As the change has come gradually, it’s hard to point out what is so fundamentally different from one album to the next, but a few things are central to the change. Genre-wise, I would say the band has gone from Viking Metal to Melodic/Symphonic Black Metal, maybe even with a progressive touch. The music still works with grand proportions and the symphonic influence is mainly reflected by use of grandiose keyboard melodies in the background, but I still hesitate to write “Symphonic”, as that nowadays leads the thoughts to DIMMU BORGIR and similar, very orchestral acts. THYRFING make use of an epic soundscape, but the symphonic parts never come to the forefront. There, a typical Black Metal mood is prevalent, with distorted guitars, semi-hypnotic structures and Jens Rydén’s very raspy vocals. The main thing that separates this from traditional Black Metal, except for the amount of melodies, is Dennis Ekdahl’s drumming. It has the metallic drum sound that THYRFING have used many times before and is more varied and traditional in approach than on most Black Metal. There are few blastbeats overall.
So, what are the strengths and weaknesses of this new album from the Swedes? There is a very interesting melancholy atmosphere in the album that combines feelings of sadness and wrath in a satisfying manner. The lyrics also contribute to this and they are generally well-written, as always. Even though the album feels a lot like a united whole, there is also some variation between the songs to break any possible repetition. This is probably due to the fact that all the members have contributed to some of the songs, so that the main writer is often not the same person, giving the songs an individual flavour. That is most noticeable in the very different track “Kamp”, which works surprisingly well, despite having a strong bluesy rock ’n roll feeling incorporated into the Black Metal. When it comes to weaknesses, I only have complaint and that is the vocal department. Sure, you could also say that the album would improve by being a little catchier, but this is a conscious choice from the band and also entails other benefits. Back to the vocals though – Jens Rydén is, in my opinion, no match for the furious Thomas Väänänen. Rydén was on the last album too, but there it wasn’t as obvious how much the album would have benefited from having Väänänen taking care of the vocal department. Rydéns vocals are often rather unintelligible and he doesn’t articulate lines clearly enough. It often feels like he is skipping over words in the lyrics because he is squeezing them into an unorthodox rhythm that makes the lyrics hard to follow. As if that was not enough, the vocals have been placed deeper in the mix than ever. I like to have vocals to hold onto when navigating through a song, but here they receive no special place in the mix whatsoever. Toni Kocmut’s clean vocals are more frequently used here than on “Hels Vite” and still work well, but I feel that he has got instructions to be more psychedelic than ever, so they don’t work as well as they did on the older, more Viking Metal oriented releases.

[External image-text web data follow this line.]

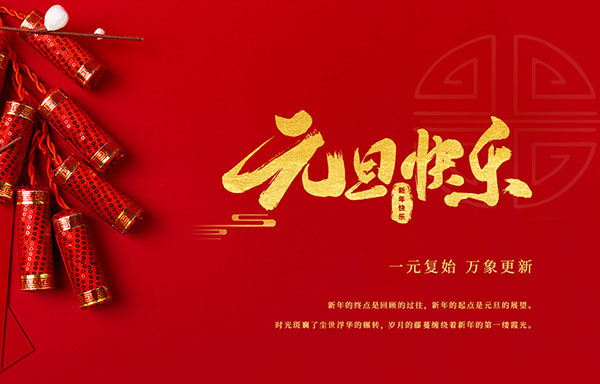 江蘇省華揚(yáng)新能源有限公司祝大家元旦快樂！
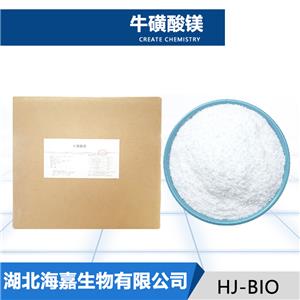 牛磺酸镁厂家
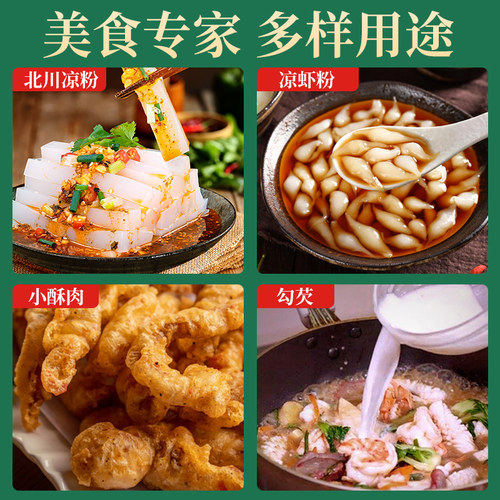 豌豆粉凉粉专用粉豌豆淀粉做四川碗豆凉粉凉皮纯婉自制凉粉商用白 - 图2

Overall, however, this is a very good album, that combines Black Metal with ideas of its own and with an atmosphere that does not conform to genre conventions. All the songs are strong and work well together, but those looking for highlights should check out the closer, which is also the title track. Fans of the last two or three THYRFING albums should definitely like this, as well as fans of bands like NAGLFAR, ENSLAVED, SKOGEN, RUTTHNA or even of Death Metal acts such as SEPTICFLESH or UNANIMATED.